LASHKAR GAH, Afghanistan (Reuters) - Seven Afghan policemen were killed in an attack on a checkpoint in the southern city of Lashkar Gah Monday, a government spokesman said, two days before NATO-led troops hand over security control to Afghan forces.
In western Afghanistan, two people were beheaded a week after they and 33 others were kidnapped, apparently for supporting the government, and in the south a police chief and three policemen were killed by a bomb.
Daoud Ahmadi, a spokesman for the governor of southern Helmand province, confirmed the Lashkar Gah attack and said seven police were killed.
Lashkar Gah is the capital of volatile Helmand province and the most contentious of the first seven areas to be formally handed over by the NATO-led International Security Assistance Force Wednesday.
ISAF handed security control in central Bamiyan province to Afghan forces Sunday, the start of a transition process that will end with all foreign combat troops leaving Afghanistan by the end of 2014.
The violence Monday coincided with the handover of command of U.S. and NATO-led troops in Afghanistan to U.S. Marine Corps General John Allen from General David Petraeus, Washington’s new intelligence chief.
In western Farah province, two beheaded bodies were sent back to their families in Mughul Abad village, a day after 16 of those kidnapped were released, said village elder Hajji Saydo January The fate of the rest of the group was unclear.
“These people are ordinary people in the village, but the kidnappers said they had a connection with the government,” Saydo Jan told Reuters by phone.
The Taliban said it had no information about the kidnappings, which officials said took place on July 11.
Provincial security official Abdul Rashid confirmed that two people had been beheaded and 16 people released. He said one person had been killed on the same day as the kidnapping.
The first half of this year was the deadliest six months for civilians in the last decade of conflict in Afghanistan, with nearly 1,500 killed, the United Nations said in a recent report.

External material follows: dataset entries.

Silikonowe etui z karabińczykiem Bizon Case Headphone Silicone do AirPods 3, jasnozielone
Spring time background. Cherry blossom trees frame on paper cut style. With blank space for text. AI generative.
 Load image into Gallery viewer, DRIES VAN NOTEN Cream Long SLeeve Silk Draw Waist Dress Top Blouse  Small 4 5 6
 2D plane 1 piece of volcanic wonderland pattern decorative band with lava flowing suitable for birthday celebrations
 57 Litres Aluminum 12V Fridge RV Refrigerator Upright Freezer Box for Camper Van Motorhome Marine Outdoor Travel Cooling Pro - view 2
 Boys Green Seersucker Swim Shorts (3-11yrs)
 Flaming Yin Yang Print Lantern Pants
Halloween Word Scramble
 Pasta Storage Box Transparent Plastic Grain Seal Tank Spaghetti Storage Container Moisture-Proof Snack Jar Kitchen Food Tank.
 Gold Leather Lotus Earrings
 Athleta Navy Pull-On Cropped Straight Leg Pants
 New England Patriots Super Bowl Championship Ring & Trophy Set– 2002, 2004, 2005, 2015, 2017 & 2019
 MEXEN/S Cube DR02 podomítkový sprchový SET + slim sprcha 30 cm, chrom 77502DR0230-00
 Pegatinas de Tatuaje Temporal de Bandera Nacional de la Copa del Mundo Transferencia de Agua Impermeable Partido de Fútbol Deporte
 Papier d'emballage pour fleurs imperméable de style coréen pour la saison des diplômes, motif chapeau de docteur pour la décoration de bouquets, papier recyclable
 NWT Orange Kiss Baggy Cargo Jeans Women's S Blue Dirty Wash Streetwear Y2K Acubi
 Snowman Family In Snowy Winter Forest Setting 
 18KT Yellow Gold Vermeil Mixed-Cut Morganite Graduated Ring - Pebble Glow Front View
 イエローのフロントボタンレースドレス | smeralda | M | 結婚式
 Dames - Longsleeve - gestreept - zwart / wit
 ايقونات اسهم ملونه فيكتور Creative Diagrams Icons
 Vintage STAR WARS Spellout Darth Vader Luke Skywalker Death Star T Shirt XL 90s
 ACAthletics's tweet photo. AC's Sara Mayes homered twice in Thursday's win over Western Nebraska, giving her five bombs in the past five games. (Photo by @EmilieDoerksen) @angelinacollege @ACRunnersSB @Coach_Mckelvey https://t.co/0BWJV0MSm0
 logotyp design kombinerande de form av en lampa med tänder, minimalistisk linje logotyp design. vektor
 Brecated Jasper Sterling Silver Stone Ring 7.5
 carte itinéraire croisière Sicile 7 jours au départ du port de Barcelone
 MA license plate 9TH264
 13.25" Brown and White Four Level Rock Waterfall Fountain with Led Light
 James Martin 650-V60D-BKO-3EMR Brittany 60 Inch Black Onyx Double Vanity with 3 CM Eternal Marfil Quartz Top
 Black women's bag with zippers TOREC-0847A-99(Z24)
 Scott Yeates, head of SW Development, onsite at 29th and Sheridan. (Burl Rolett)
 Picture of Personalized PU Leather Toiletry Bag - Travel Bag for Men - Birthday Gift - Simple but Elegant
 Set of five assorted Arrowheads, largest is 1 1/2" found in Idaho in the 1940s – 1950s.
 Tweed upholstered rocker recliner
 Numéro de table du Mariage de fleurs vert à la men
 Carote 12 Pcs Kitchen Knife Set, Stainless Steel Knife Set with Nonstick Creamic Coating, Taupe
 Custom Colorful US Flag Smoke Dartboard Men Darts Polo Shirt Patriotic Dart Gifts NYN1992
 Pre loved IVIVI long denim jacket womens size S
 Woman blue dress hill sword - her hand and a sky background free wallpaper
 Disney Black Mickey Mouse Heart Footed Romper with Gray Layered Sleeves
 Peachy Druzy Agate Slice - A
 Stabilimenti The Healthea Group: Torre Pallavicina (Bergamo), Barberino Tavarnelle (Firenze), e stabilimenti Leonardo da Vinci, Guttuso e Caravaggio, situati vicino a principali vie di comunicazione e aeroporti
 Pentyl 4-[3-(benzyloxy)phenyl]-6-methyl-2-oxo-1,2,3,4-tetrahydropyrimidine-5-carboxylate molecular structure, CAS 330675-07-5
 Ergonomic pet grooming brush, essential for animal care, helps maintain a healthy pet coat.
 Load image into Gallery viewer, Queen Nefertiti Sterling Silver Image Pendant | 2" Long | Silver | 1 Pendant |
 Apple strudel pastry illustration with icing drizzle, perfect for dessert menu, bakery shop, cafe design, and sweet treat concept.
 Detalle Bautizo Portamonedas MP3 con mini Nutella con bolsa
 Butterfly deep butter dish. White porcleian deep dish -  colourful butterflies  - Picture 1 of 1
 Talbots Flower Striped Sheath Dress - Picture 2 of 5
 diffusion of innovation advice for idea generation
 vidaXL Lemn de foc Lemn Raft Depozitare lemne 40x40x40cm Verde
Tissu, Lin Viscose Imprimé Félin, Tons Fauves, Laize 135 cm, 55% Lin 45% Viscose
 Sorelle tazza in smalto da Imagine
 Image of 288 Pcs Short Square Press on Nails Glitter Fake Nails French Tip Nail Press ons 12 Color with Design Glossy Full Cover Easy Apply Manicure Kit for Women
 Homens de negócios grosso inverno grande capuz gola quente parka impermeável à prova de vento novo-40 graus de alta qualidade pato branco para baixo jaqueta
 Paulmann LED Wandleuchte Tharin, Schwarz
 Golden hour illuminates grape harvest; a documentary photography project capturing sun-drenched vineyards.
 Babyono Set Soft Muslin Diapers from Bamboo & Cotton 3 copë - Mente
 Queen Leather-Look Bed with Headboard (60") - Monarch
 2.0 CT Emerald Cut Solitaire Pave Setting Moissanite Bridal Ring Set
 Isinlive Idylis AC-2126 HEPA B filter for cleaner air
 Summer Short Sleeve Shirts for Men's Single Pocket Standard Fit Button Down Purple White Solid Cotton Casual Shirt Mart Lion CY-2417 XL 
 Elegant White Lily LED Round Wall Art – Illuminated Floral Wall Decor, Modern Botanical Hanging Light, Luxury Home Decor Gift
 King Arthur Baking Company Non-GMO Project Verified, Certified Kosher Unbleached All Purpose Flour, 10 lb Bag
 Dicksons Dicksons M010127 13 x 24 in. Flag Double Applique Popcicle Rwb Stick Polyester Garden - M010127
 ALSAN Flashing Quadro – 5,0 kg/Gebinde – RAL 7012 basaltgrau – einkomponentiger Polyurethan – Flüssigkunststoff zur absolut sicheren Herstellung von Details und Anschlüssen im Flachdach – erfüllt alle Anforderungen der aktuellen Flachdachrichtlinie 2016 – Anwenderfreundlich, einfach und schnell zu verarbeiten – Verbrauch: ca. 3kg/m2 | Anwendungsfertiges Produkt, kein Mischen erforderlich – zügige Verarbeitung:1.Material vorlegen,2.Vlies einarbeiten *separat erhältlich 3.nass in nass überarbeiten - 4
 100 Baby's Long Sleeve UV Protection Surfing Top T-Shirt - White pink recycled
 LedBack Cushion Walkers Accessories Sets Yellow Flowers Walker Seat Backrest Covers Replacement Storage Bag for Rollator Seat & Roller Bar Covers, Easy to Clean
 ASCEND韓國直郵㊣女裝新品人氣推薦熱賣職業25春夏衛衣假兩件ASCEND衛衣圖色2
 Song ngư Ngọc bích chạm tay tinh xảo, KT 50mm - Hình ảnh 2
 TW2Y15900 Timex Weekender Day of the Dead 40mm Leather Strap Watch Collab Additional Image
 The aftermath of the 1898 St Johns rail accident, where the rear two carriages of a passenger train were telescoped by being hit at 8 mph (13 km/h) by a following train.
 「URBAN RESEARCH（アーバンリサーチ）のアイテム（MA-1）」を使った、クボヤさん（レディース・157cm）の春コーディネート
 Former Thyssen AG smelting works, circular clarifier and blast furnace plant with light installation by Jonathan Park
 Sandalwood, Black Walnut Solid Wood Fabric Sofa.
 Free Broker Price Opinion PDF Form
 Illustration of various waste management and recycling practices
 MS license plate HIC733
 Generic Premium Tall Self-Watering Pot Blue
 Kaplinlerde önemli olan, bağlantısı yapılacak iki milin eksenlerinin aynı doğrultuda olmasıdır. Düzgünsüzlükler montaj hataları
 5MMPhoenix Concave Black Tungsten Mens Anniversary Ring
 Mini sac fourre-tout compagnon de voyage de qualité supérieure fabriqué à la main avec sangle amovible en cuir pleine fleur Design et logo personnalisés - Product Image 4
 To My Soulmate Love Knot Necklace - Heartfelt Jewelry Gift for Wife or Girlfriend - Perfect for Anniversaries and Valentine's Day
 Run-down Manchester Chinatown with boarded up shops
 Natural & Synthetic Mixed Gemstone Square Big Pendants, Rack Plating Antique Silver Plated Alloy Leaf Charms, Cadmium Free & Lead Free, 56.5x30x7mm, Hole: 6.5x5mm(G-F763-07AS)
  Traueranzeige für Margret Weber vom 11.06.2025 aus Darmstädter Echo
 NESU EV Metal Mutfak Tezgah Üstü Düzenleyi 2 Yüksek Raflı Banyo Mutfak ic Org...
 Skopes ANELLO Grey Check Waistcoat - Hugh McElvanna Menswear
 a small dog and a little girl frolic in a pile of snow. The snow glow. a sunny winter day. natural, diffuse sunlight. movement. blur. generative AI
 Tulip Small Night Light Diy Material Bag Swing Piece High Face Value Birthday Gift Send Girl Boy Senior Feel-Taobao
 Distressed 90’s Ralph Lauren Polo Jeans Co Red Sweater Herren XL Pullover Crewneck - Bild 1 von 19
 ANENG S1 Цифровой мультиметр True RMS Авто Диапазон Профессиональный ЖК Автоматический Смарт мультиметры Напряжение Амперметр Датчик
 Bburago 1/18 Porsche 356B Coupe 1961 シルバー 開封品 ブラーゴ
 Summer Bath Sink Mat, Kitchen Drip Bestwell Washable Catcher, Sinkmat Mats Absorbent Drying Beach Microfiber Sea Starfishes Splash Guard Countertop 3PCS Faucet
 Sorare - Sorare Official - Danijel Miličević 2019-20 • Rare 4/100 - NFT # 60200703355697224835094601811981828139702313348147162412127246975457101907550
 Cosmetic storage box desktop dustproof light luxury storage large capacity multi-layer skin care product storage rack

Officials from the United Nations and the International Committee of the Red Cross said last week that civilians were under increasing pressure to choose sides in the war, putting their security more at risk.
Monday, the police chief for Registaan district and three policemen were killed by a roadside bomb in the volatile southern province of Kandahar, the provincial government’s media office posted on Twitter.
There were a record 11,826 security incidents in the first half of 2011, according to the United Nations Department of Safety and Security, up from 8,242 in the same period last year and more than double the number in the first half of 2009.
While the southern and southeastern provinces accounted for nearly two-thirds of the incidents between January and June 2011, the western region experienced the highest monthly growth rate, the department said.